- AFP.
Unos 700.000 clientes de la red eléctrica se encontraban sin servicio ayer domingo en Estados Unidos, donde una gran tormenta invernal avanzaba desde el sur y centro hacia el noreste del país con temperaturas gélidas que paralizaron el transporte y provocaron un frenesí de abastecimiento.
En total, 20 estados, así como la capital estadounidense, Washington, han declarado el estado de emergencia. “Los impactos de la nieve/aguanieve persistirán bien entrada la próxima semana, con rondas de recongelación que mantendrán las superficies heladas y peligrosas tanto para conducir como para caminar”, señaló el Servicio Meteorológico Nacional (NWS en inglés).
Los residentes de Washington despertaron con una capa de varios centímetros de nieve en aceras y carreteras, y se prevé una transición a aguanieve más tarde en el día.

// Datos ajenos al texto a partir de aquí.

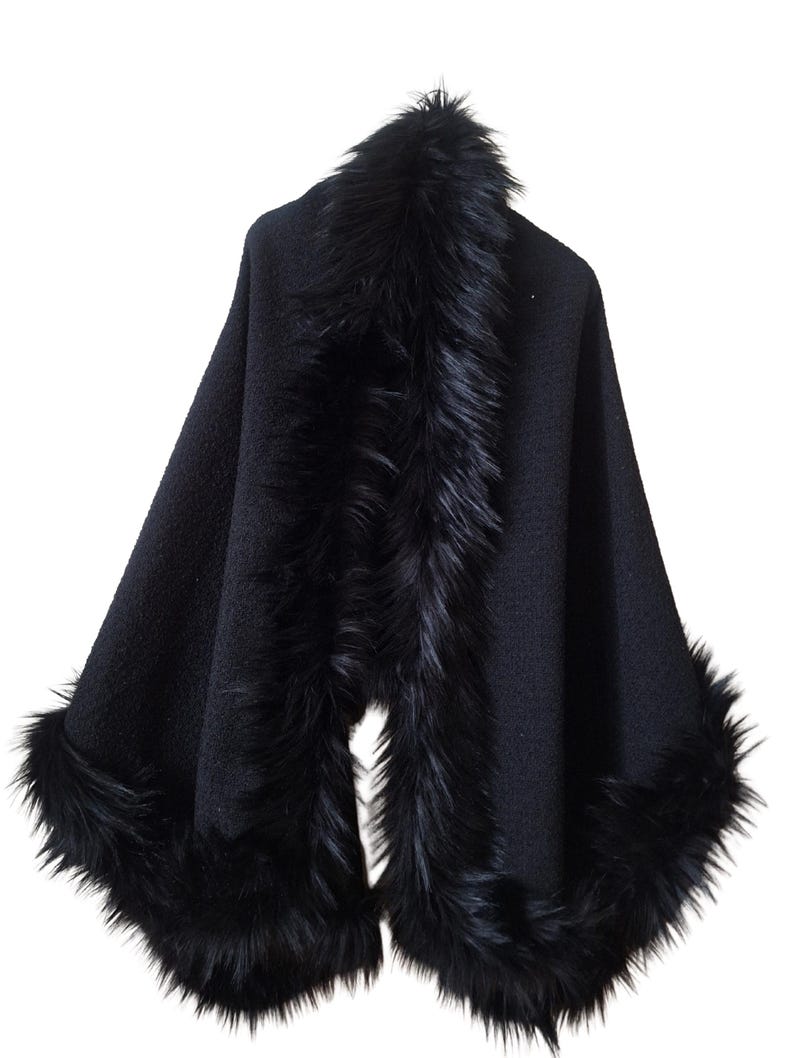 Front view of an elegant heavy black wool tweed shawl with Racoon fur trim and subtle sparkling sequins, handmade winter wrap in luxurious evening style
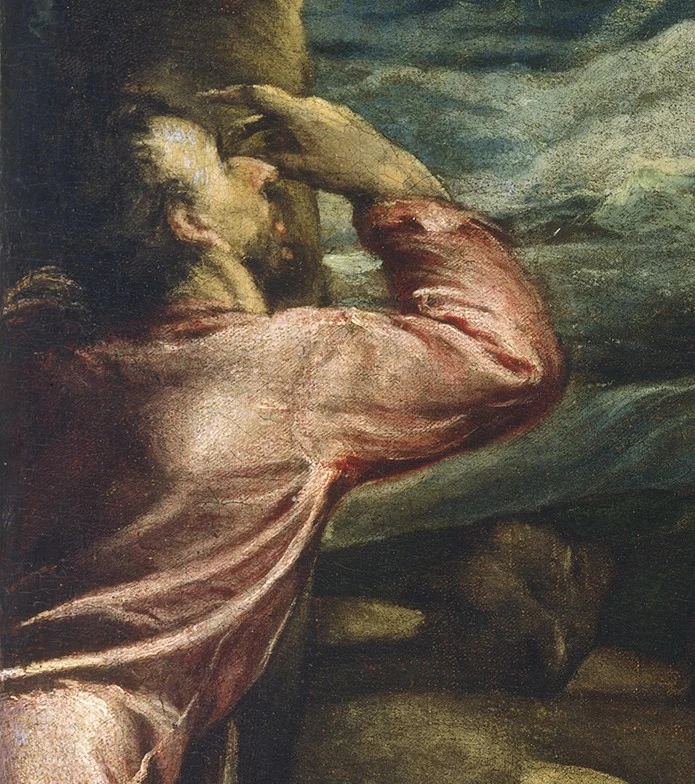 He is the first to notice: one arm raised against the brightness.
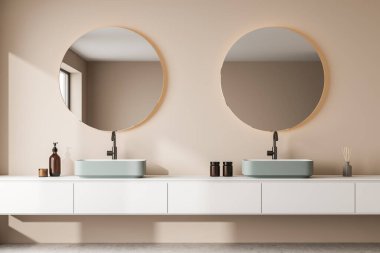 Yeşil yüzen lavaboları ve modern bej banyo iç dekorasyonunda aydınlatma olan iki yuvarlak aynası olan bir raf görüntüsü. Minimalist bir kavram. 3d oluşturma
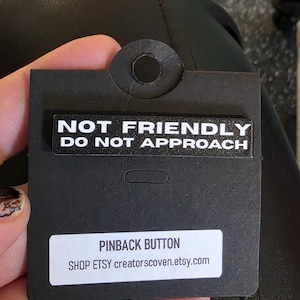 May include: A black pin badge with the white text "NOT FRIENDLY DO NOT APPROACH". The badge is on a black card with a white label that reads "PINBACK BUTTON".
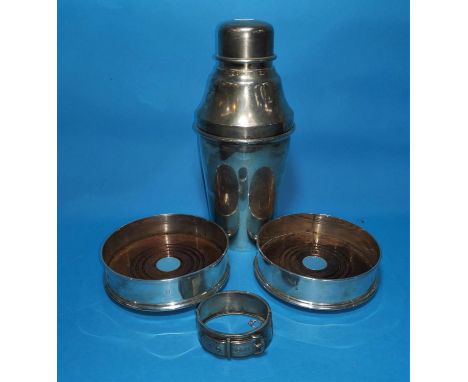 A pair of silver and wood coasters, London 1991; a silver bangle; a silver plated cocktail shaker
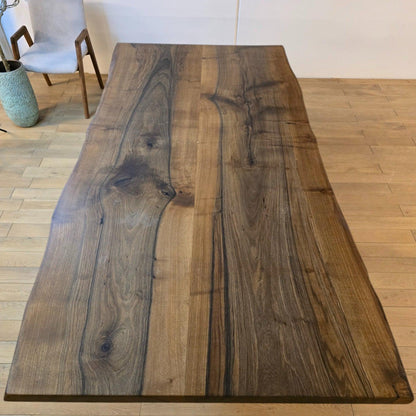 Plankebord i valnød med naturlige åretegninger og mørk overflade.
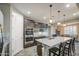 Open-concept kitchen with large island, stainless steel appliances, and dark wood cabinets at 16042 W Shaw Butte Dr, Surprise, AZ 85379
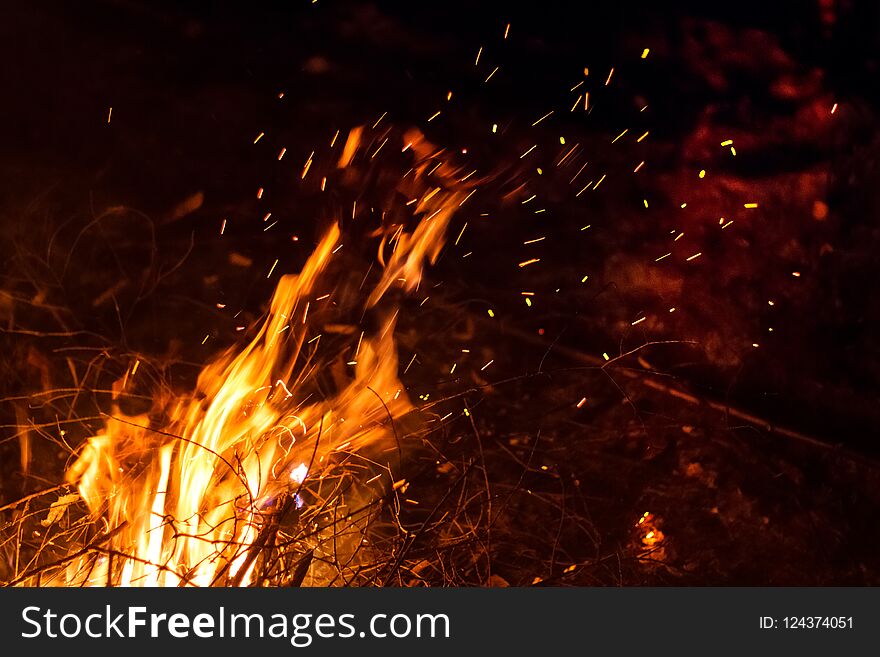 Night bonfire with sparks motion blur. Fire background with copyspace. Night bonfire with sparks motion blur. Fire background with copyspace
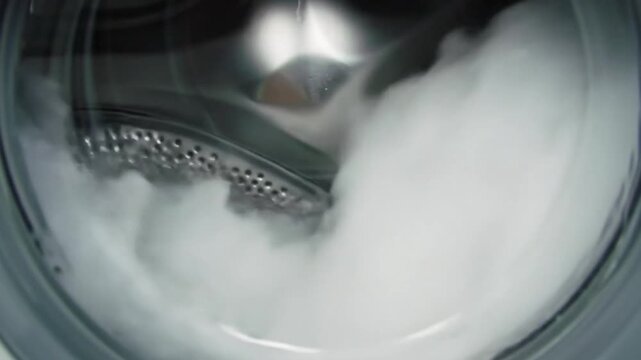 A swirling spectacle of soapy water inside a working washing machine ensuring clean laundry in a bright metallic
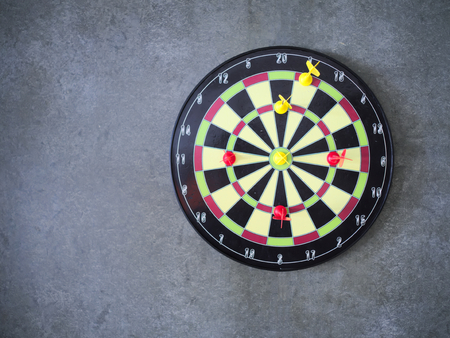 Darts arrow in the dartboard on the black wallの写真素材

El presidente Donald Trump, quien afrontaba la tormenta en la Casa Blanca, dijo el sábado en su plataforma Truth Social: “Seguiremos monitoreando y manteniendo el contacto con todos los estados en la trayectoria de esta tormenta. ¡Manténganse a salvo y manténganse abrigados!”.
Las oficinas federales estarán cerradas de forma preventiva hoy. Varios aeropuertos en Washington, Filadelfia y Nueva York tenían casi todos los vuelos del día cancelados. Más de 14.000 vuelos con destino y origen en Estados Unidos fueron cancelados durante el fin de semana, y miles más sufrieron retrasos, según el sitio especializado FlightAware.